President Donald Trump made a pitch for national unity and strong borders in his maiden State of the Union address on Tuesday, calling for “one American family” after a year plagued by acrimony, division and scandal.
Delivering his biggest speech of the year , this most polarising of presidents sought to put the spotlight on a robust Trump economy, while pointedly calling on a packed joint session of Congress to enact hardline curbs on immigration.
“Tonight, I call upon all of us to set aside our differences, to seek out common ground, and to summon the unity we need to deliver for the people we were elected to serve,” he said.
Trump’s opening tone was uncharacteristically conciliatory, although it bridged no compromise on his drive to reduce immigration – which he painted as responsible for a plethora of social ills.
He touched on a range of foreign policy issues – including, in an emotive moment, offering the spotlight to crippled North Korean amputee defector Ji Seong-ho, who waved a crutch in the air as he received a prolonged standing ovation.
But Trump’s State of the Union, the third longest on record at one hour twenty minutes, was overwhelmingly focused on domestic concerns.
Seeking to enliven his own base, Trump spoke at length on the need for immigration reform, drawing hisses from the opposition as he equated immigrants with criminality and economic tension and spoke of “chain migration.”
For decades, he lamented, “open borders” had allowed “drugs and gangs to pour into” the United States. He again called for the construction of a border wall that remains unfunded in Congress.
The address, often seen as a blueprint for the year to come for the United States, drew sharp reactions from global media.
A CNN op-ed warned about taking Trump’s address seriously, as it would be a ‘mistake’. “Yes, past presidents have used the annual State of the Union address as part wish list/part outline of their coming year. But Trump is not like any president that has held the office before. So we need to stop using the same old frameworks – and guideposts – to describe and measure him.”

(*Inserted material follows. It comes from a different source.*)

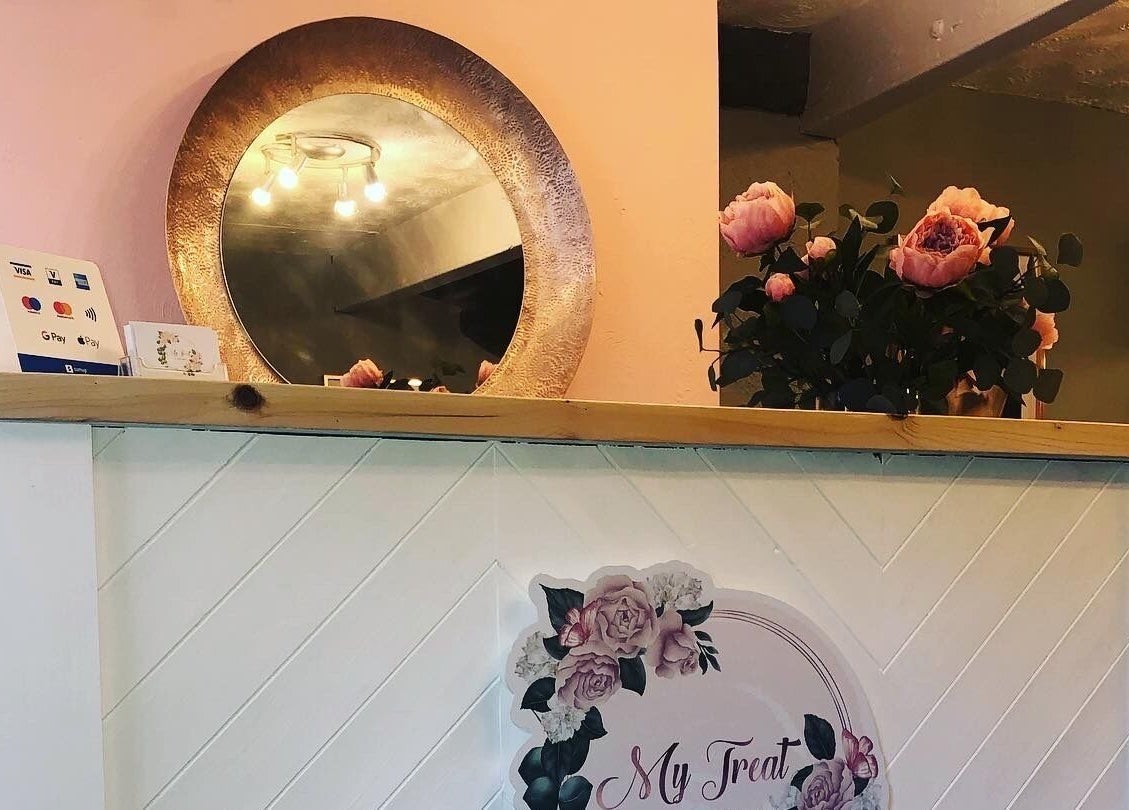 Elegant reception desk with floral decor at My Treat, Ramsbottom, England, GB.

The piece argued that best way to think about and analyse Trump as a day-to-day president, and lamenting on his address was to digress from the issues at hand. In his speech, the 71-year-old real estate mogul and reality TV star touted a long bull run on Wall Street and improving growth rates, something the White House has dubbed a “Trump bump.”
“The stock market has smashed one record after another, gaining $8 trillion in value,” he said, even though that narrative suffered a setback on Tuesday when stocks suffered their biggest drop in eight months amid fears of a bubble.
The New York Times , however, argued that while Trump can sell an improved economy, he cannot sell himself to America. “The challenge for Trump is that even as he sells the economy with the fervour of a real estate developer, he has not been able to sell himself. His approval ratings remain at historic depths and effectively unchanged after a year in office. His success at passing tax cuts and the continued progress of the economy he inherited have not changed the dismal views that a sizable majority of Americans hold of their president.”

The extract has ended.